What the task asks:
How many of the lines in the material below contain the word "Photo"? Give the number alone.

Supplied entries:
• • • • • • •
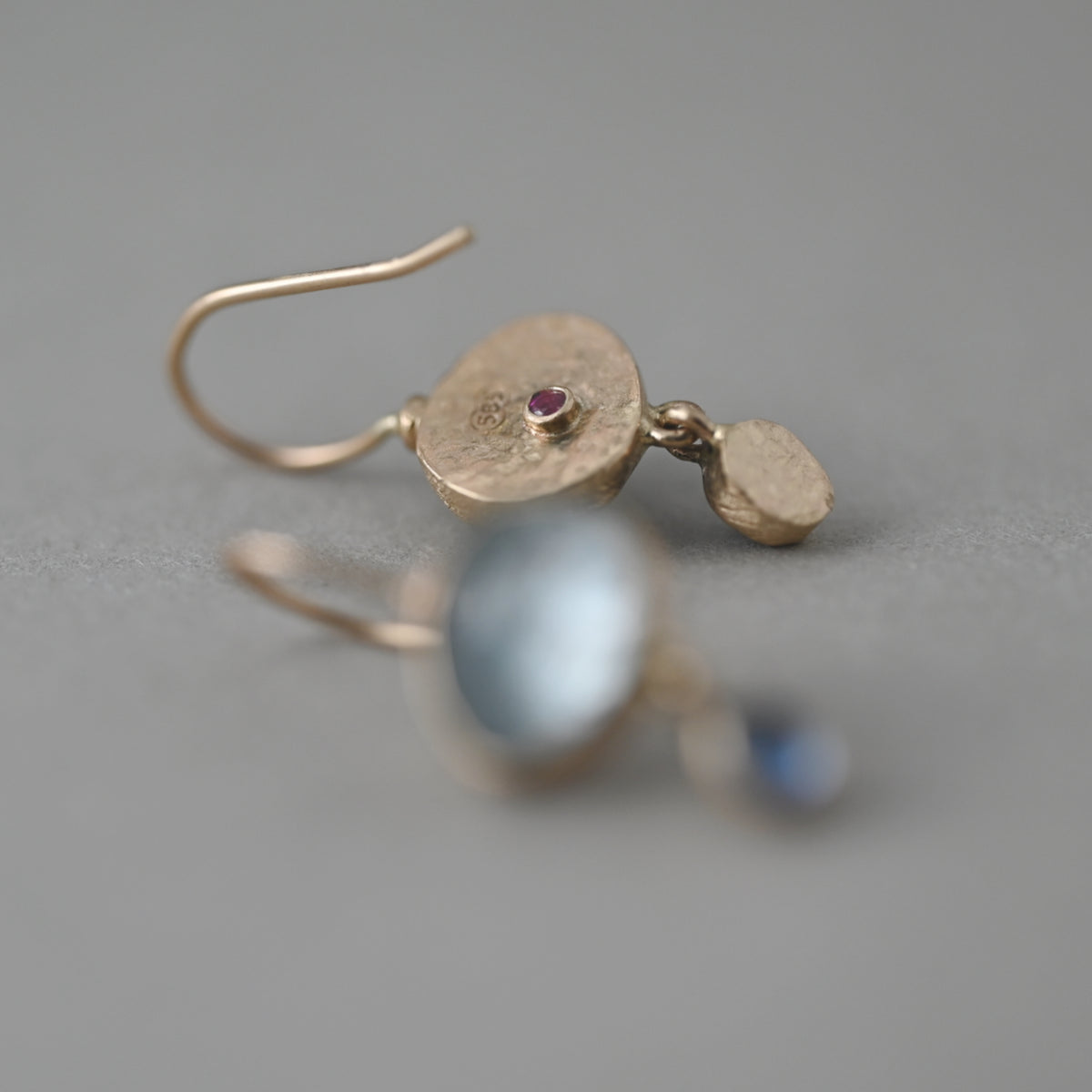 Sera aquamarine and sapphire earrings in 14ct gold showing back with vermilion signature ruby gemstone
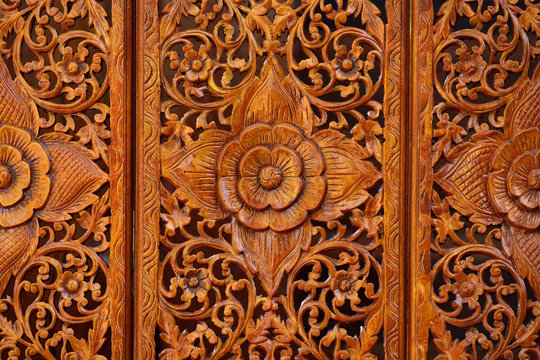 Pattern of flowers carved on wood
• • • • • • •
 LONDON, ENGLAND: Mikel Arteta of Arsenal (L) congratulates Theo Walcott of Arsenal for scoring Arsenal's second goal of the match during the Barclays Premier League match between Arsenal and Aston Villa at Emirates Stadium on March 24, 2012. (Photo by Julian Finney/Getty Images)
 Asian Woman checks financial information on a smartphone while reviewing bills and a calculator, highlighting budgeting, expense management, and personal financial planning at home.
• • • • • • •
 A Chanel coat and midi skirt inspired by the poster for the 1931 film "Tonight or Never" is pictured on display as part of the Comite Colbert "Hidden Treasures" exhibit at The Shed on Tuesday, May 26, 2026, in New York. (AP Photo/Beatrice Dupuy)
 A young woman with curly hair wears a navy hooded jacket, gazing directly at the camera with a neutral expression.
• • • • • • •
Task answer:
2